Depois desses dias em uma das cidades mais intensas do país, era hora de cruzar a fronteira de ônibus e realizar o procedimento de “visa run” no Nepal para voltar à Índia com o visto atualizado. Um ônibus, daqueles que me faz sentir em cena de filme, foi o transporte que me levou da cidade de Gorakpur até a fronteira. O calor de 40 graus acompanhou todo o percurso de aproximadamente quatro horas, segui chacoalhando e observando as paisagens mais diversas, as ruas sempre muito lotadas e o trânsito caótico. A imigração indiana era uma sala antiga, empoeirada, cheia de papéis e caixas de arquivos, com três velhos computadores e dois oficiais muito simpáticos que rapidamente realizaram o atendimento. E então entrei no Nepal, fiquei hospedada na cidade Siddhartanaghar e também conheci Lumbini, cidade natal de Buda e onde há um complexo de templos budistas enorme e lindíssimo, com uma estrutura impecável.
Em poucos dias eu estava de volta à incrível Índia, para enfim conhecer Rishikesh, a capital do Yoga, próxima aos Himalaias. Cidade também banhada pelo rio Ganges, mas lá com águas cristalinas, turistas praticando rafiting, peregrinos se banhando em rituais sagrados e muitos gringos buscando por cursos de yoga e alguma “experiência espiritual”. Pontes enormes e suspensas ligam um lado ao outro da cidade. Andar sobre a ponte Lakshman Jhula era tão interessante como qualquer outra coisa que pareça simples, mas que para mim virava atração naquele país. Motos, vacas e pedestres cruzavam o caminho ao mesmo tempo e constantemente, com direito a paradas para uma foto daquela vista deslumbrante, bem em cima do rio. A cidade conhecida como local de peregrinação e como um dos lugares mais sagrados para os hindus, não comercializa nenhum tipo de carne e nenhum tipo de bebida alcoolica, a não ser pelo “apple juice”, secretamente disfarçado em alguns locais para conseguir um copo de cerveja.
É fácil notar que costumes indianos estão sendo adaptados para receber tantos turistas que por ali passam todos os dias do ano. Os rituais sagrados e a cultura autentica contrastam com o comércio de yoga tão expressivo, desde cursos dos mais variados estilos a infinitas lojas direcionadas ao tema. A minha agradável surpresa por lá foi conhecer alguns brasileiros que gentilmente convidaram para assistir um satsang na casa de um swami (em sânscrito sat = verdade, sanga = companhia) traduzido como “Encontro com a Verdade”. Todos sentados no chão, ouvindo alguns ensinamentos, cantando mantras e desfrutando de chá e doces.

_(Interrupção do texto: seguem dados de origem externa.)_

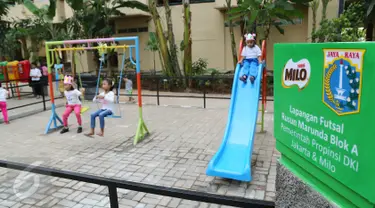 Sejumlah anak sedang bermain di area Ruang Publik Terbuka Ramah Anak (RPTRA) Marunda yang bertempat di Kelurahan Marunda, Cilincing, Jakarta (18/10).  RPTRA Marunda terbagi menjadi area outdoor dan indoor. (Liputan6.com/Istimewa) 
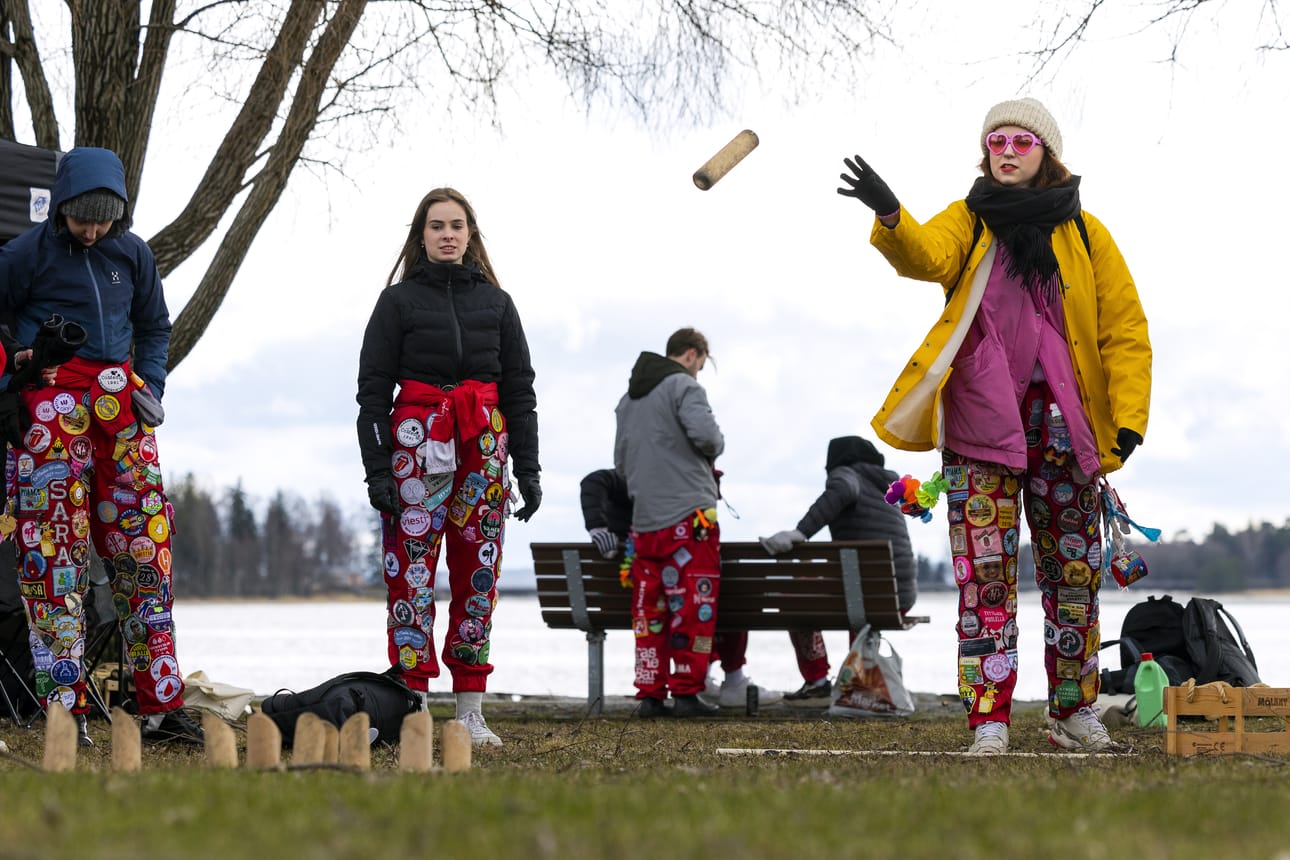 Viivi Hinssa tähtää tarkasti vaaleanpunaisten lasien läpi.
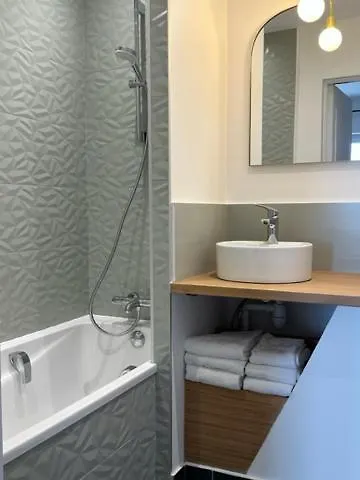 Отель De La Terrasse Варенжвиль-сюр-Мер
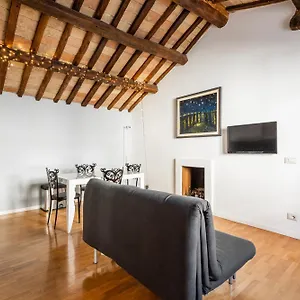Pavone Centre Romantic Apartamento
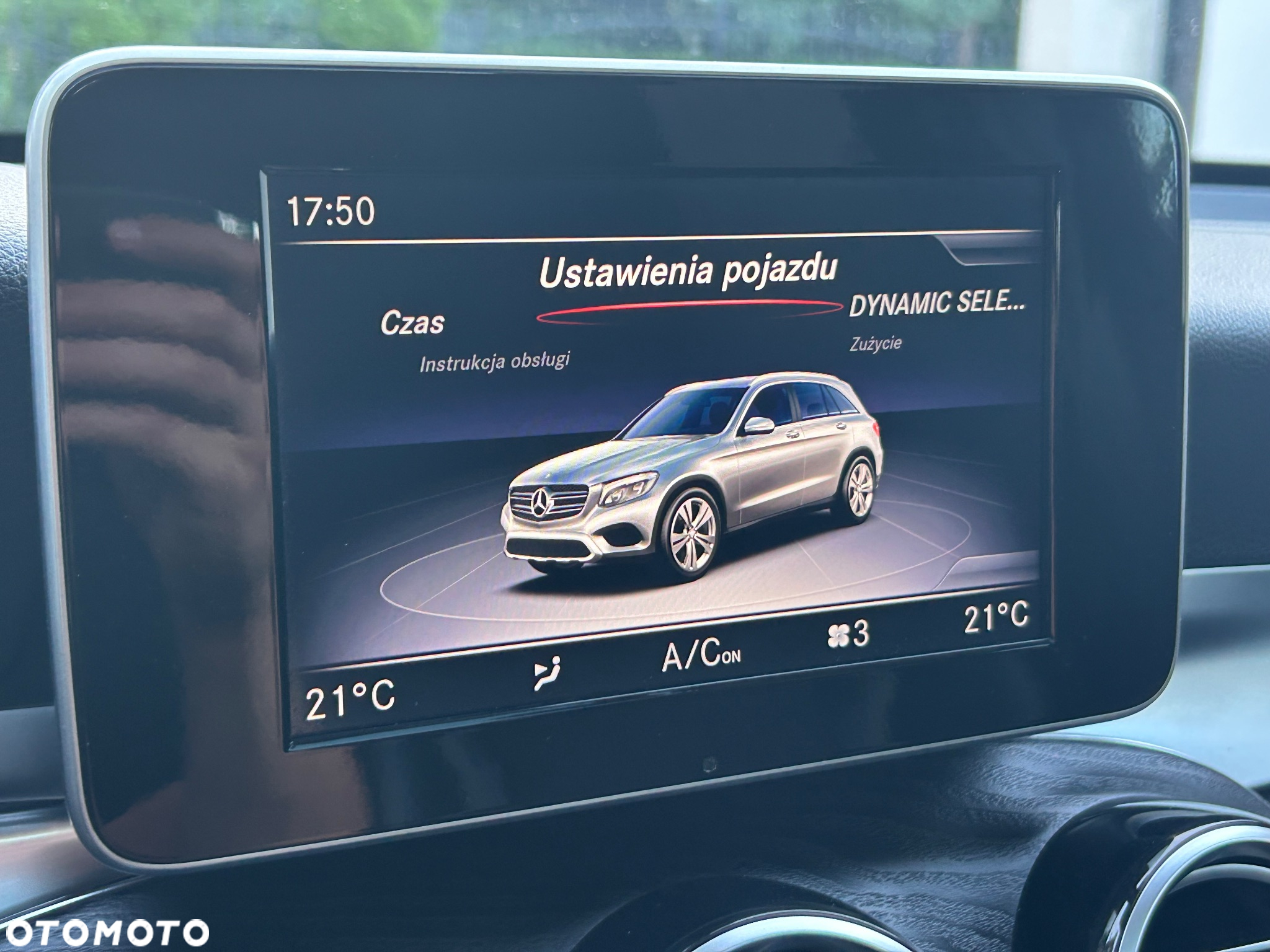 Mercedes-Benz GLC - 31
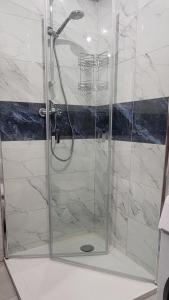 een douche met een glazen deur in de badkamer bij Domek u Eli in Solec-Zdrój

Sem dúvida essa cidade na Índia permitiu o encontro com pessoas do meu próprio país muito inspiradoras e agradáveis. Juntos ainda visitamos cachoeiras isoladas do eixo turístico e conseguimos desfrutar de um silêncio quase impossível por alí.
Três meses e meio depois, minha primeira viagem à Índia chegou ao fim. Já sinto saudades daquele povo divertido, caloroso, colorido e animado, dos diversos rituais e celebrações, da vida acontecendo nas ruas e até do barulho, da comida apimentada e das viagens de trem.
Fica aqui um pequeno registro do meu olhar privilegiado de turista, encantado com tantas peculiaridades e muita beleza, essa que é tão forte e presente quanto os inúmeros problemas existentes em cada pedaço daquele mundo à parte.
2 Comments
Oi Simone, você conseguiu visitar Chennai? Passarei um tempo lá a trabalho e estou buscando informações do ponto de vista brasileiro. Obrigada, Talita
Olá Talita,
A Simone Dias Moreno, infelizmente parou de colaborar conosco.